My point is not that "reality" is not a true or valid thing, but that to the extent that it might be seen as pointing to the error in something, it should also be found that there is scripture that agrees with that position. In other words, I'm not sure that we should accept some view of "reality" if it does not seem to be consistent with scripture.

In Lee's case, there are places where he dismissed scripture because he found it to not be up to his version of "reality," most often in terms of "God's NT economy." I do not see this as a valid use or "reality." If we reverse Lee's lexicon, isn't "reality" equal to truth? "Sanctify them by the truth; your word is truth." What is truth/reality? The word of God. How then does reality diminish the word of God?
As usual, I probably wasn't clear enough about my point on "not being fully in the reality"... I wasn't so much thinking of pointing to error, as I was looking at the idea of our christian journey containing a progressive continuum of experiences. And the initial experiences shown (Apollos teaching the baptism of John as a great example) are not so much erroneous as they are merely the early steps in someone's journey.

So to look at the "immutable" word of God for a guide on what to do/say/be as we follow Christ is perhaps to miss the crucial point that the template experiences we are evaluating ourselves against are themselves only partly into the full reality of the risen Christ.

I am basing my evaluation of the Acts and the Epistles of the Bible, illuminating the "early church" experience, on one verse, which is nestled in a section (John 14 - 17) going repeatedly into the idea of a progressive spiritual journey awaiting the disciples. That verse is John 16:13, where the coming Spirit of truth/reality is promised by Jesus as a guide, leading them into all the truth/reality. This to me bespeaks a process, not an "all at once" experience.

So I evaluate the subsequent teachings/writings/acts of the faithful not for error, but rather as being only partly in the reality. It is a progressive experience. A child may occasionally err, but often simply is doing the best it can with limited experience & understanding. That way scripture remains consistent, as does the testimony of the disciples, but we allow it to grow, and ourselves along with it.

Lee's example with James is not what I want to do: he seems to be saying here is an anomaly within the progressive revelation.
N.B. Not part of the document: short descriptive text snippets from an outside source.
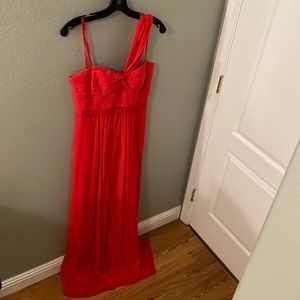 BCBGMaxAzria Red Berry One Shoulder Prom Dress in Size 6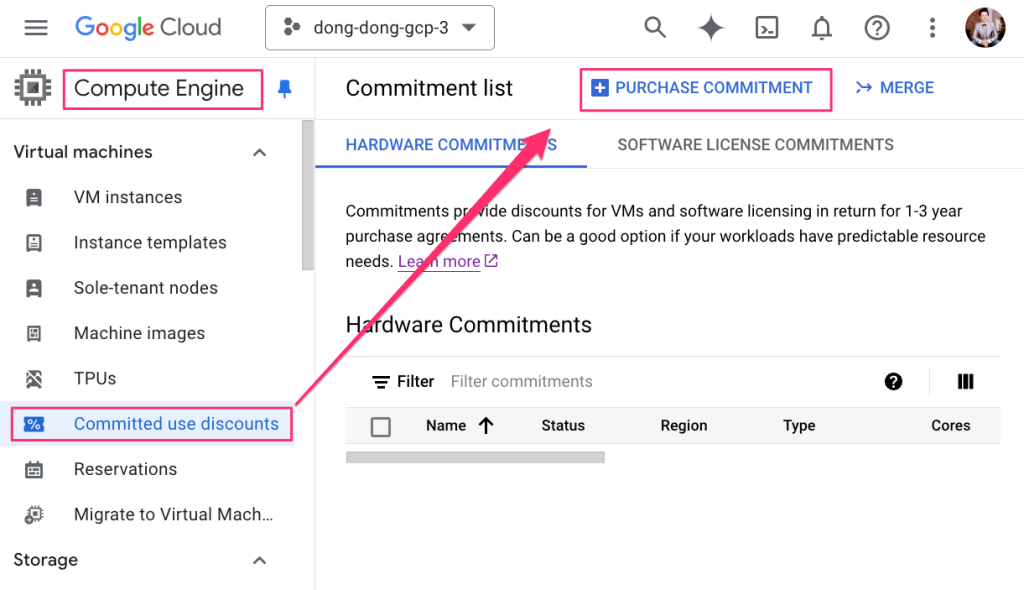 GCP VM 承諾使用折扣 (Committed Usage Discount; CUD), 以資源為基礎的 CUD, 購買 Resourced-Based CUD 畫面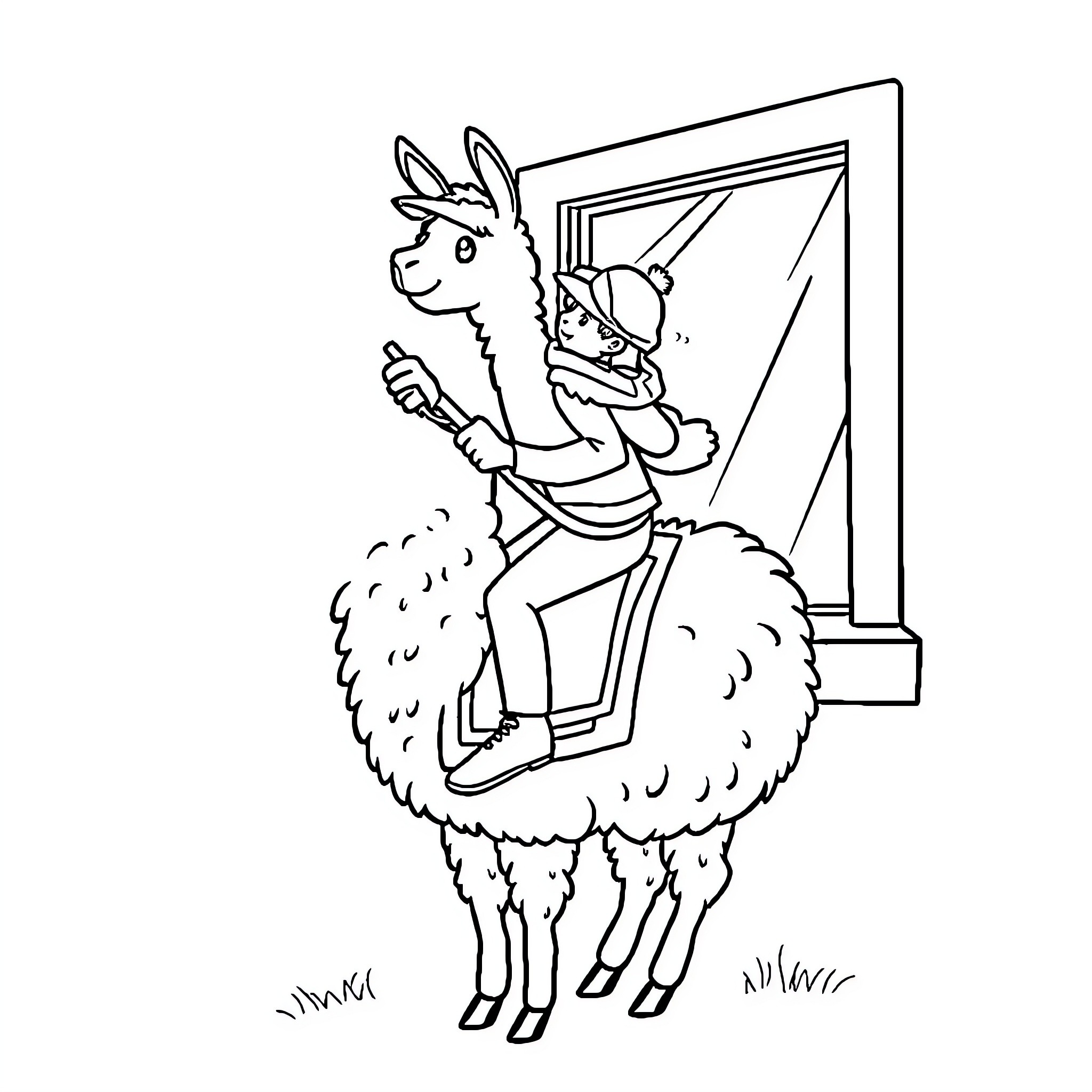 Window Washer Llama Cleans Glass With Care Coloring Page (free black-and-white line drawing printable PDF for all, from beginners to advanced learners, including children, teens, adults, and seniors)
Here is a regression back to the law, and works. This is an unkind take: James was on a journey like the rest of us. To dismiss his life and work as merely deficient is to dismiss the reality/truth, which as you point out is the word of God.

I have earlier given the example of Jude, whom I for years regarded as "even more deficient" than James. A reactionary, with nothing positive to show us. Then one day as I was considering something else I remembered the word in Jude verse 6, about angels not keeping their appointed place, and my eyes were opened. I saw not only angels, but every spiritual entity (us believers included) being in peril in this regard.

Jude, and James, and Apollos, and Paul, and all the rest, had spiritual journeys every bit as "real" as yours and mine. But I now evaluate them in the light of an expanding and deepening and purifying progression of our personal and collective experience of "reality", as exemplified in Jesus. Unless the scripture clearly points out "error" in the written record, I don't call it that so much as "only partly into the reality".